DATA FOR REVIEW:
>>>>
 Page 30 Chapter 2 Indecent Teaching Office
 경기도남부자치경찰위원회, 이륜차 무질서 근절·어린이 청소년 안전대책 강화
<<<<
>>>>
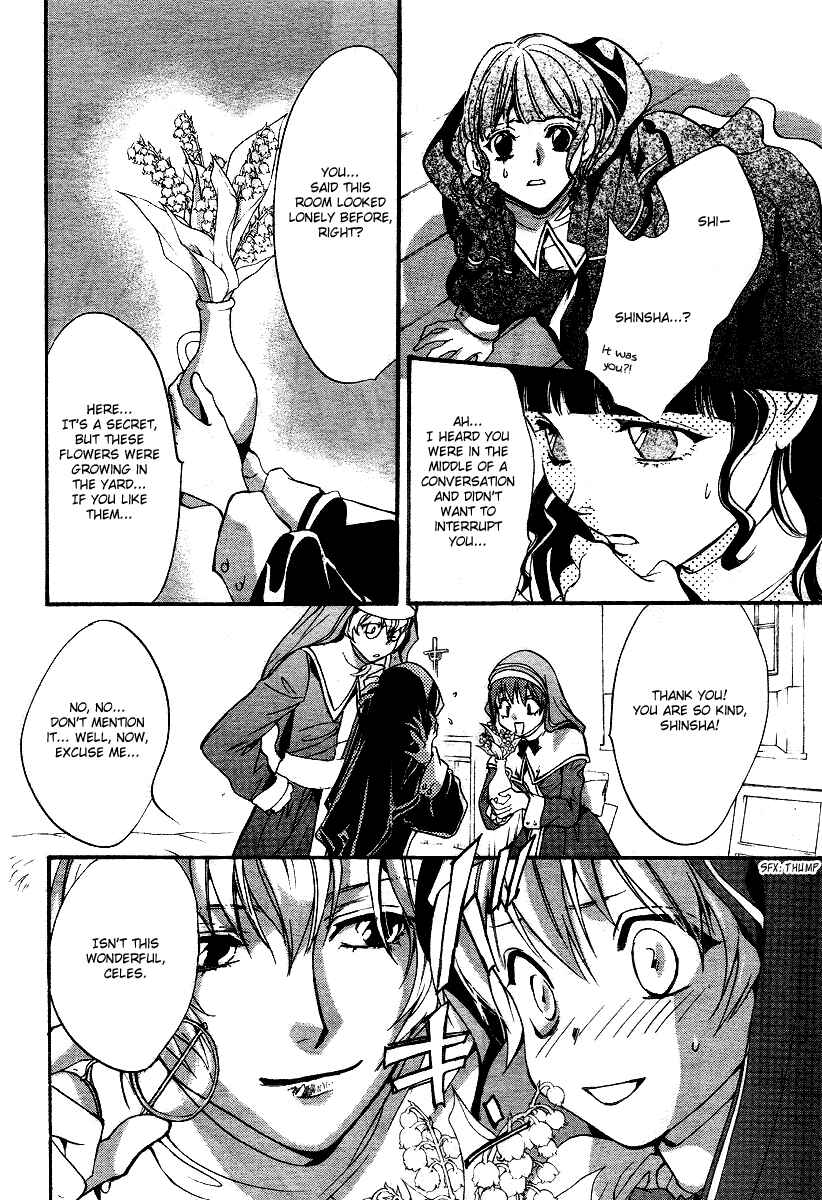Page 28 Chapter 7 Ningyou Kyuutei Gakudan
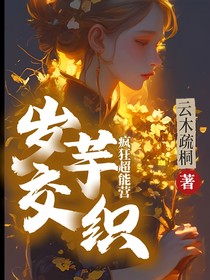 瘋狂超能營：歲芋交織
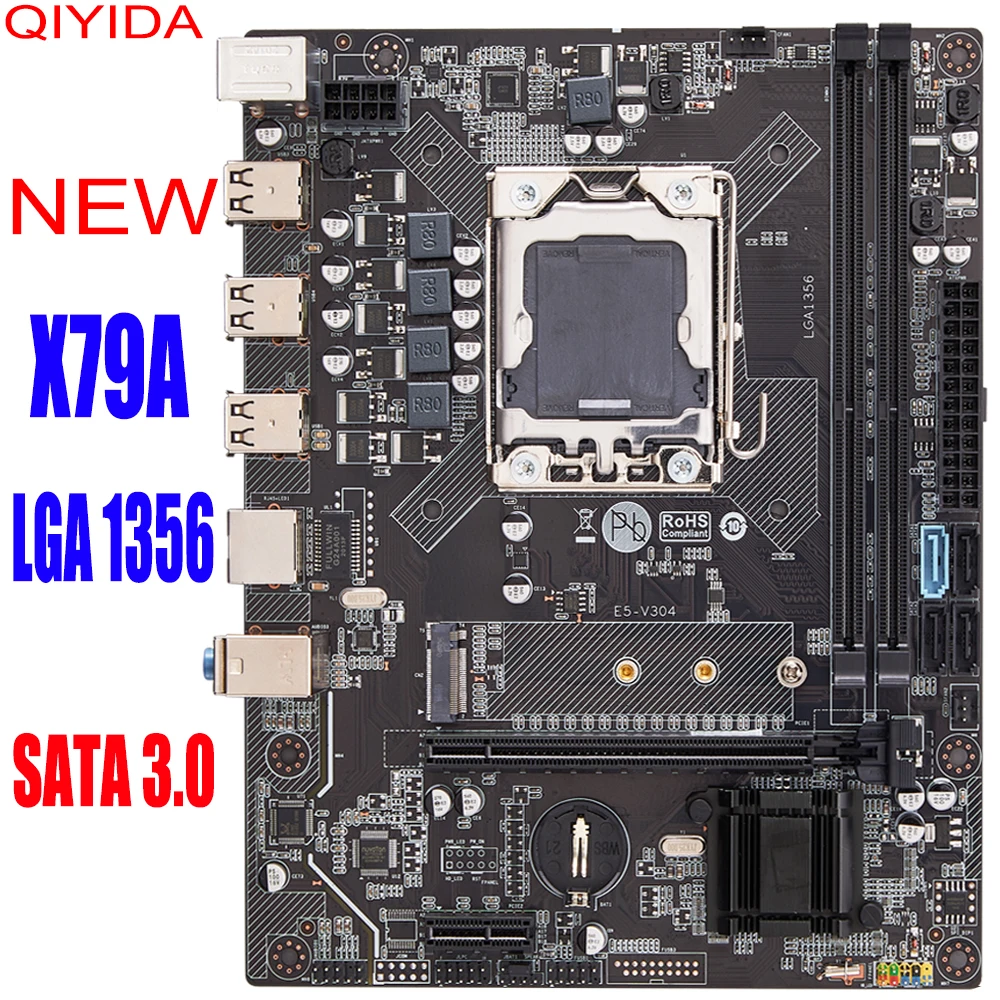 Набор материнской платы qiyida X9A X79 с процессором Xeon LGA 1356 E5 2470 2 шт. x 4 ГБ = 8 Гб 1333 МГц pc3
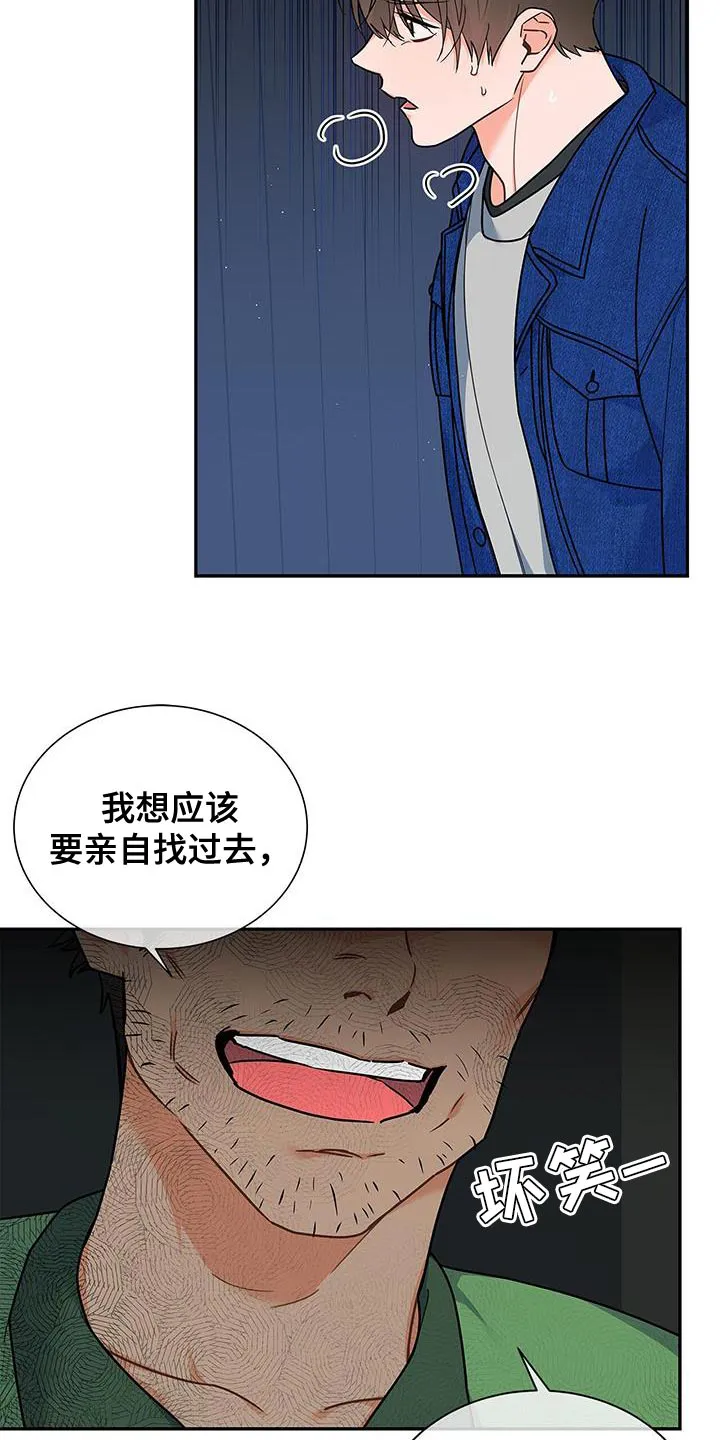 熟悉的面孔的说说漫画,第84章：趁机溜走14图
<<<<
TASK DESCRIPTION: Once the line with "Page 28 Chapter 7 Ningyou Kyuutei Gakudan" is found above, print it and every line after it through the line with "熟悉的面孔的说说漫画,第84章：趁机溜走14图", exactly. Pictures stay out.

ANSWER SPACE:
Page 28 Chapter 7 Ningyou Kyuutei Gakudan
 瘋狂超能營：歲芋交織
 Набор материнской платы qiyida X9A X79 с процессором Xeon LGA 1356 E5 2470 2 шт. x 4 ГБ = 8 Гб 1333 МГц pc3
 熟悉的面孔的说说漫画,第84章：趁机溜走14图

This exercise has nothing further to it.